I get to the Balancing Stick pose and as I raise my hands above my head and I begin to breathe, another profound thought comes in, “I am only responsible for love and trust,” and again tears come and a huge lightness to my shoulders. As I was breathing in I was feeling only being responsible for bringing trust and love to my relationship with my abuser, my father.
I am innocent of being responsible or guilty for the abuse.
I then proceed to hold the pose of Balancing Stick for all but the last one, for on that one, again I was eager to tell you about this, and lost the connection.
Those are two gifts this yoga gave me today, the realization that my feminine side is damaged, but with good reason, and that I am free of carrying the weight of guilt and shame or blame. My shoulders literally felt lighter yet again.
As I went into the floor Separate Head to Knee, where my left hip usually screams, I told it, “it is okay I understand your hurt,” and I was able to do this without pain, not perfect, not farther, but with ease and more tears.

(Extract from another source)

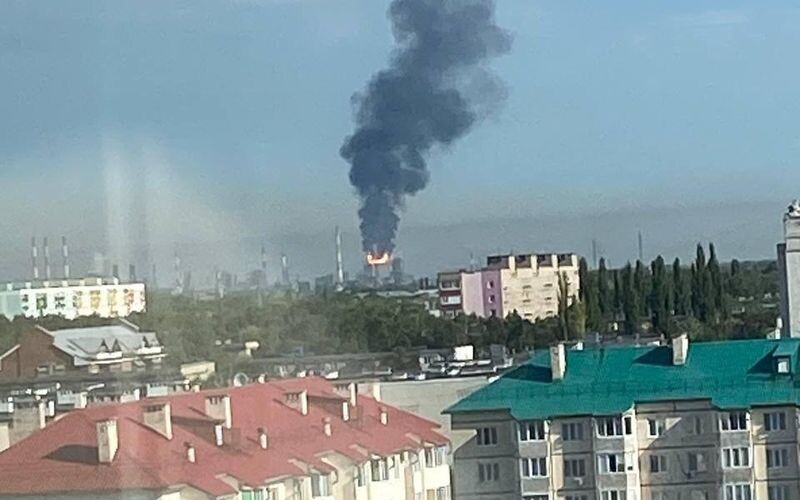 Після вибухів в Уфі з’явився дим у районі нафтопереробного комплексу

It is like I am recognizing the physical manifestations this body has held.
An overwhelming sadness came in knowing that I have lived so long without this side, this softness, this trusting openness, how hard and stiff it has left me, struggling to be stronger, tougher, when what I needed was to be more relaxed and soft.
Bikram is right, “you have no idea what yoga can do for you, Yoga makes you you.”
As one predator stated, “I killed the person she could have been.” And he is right. But they only win if we don’t bring her back! I intend to return to my full healthy loving trusting feminine self!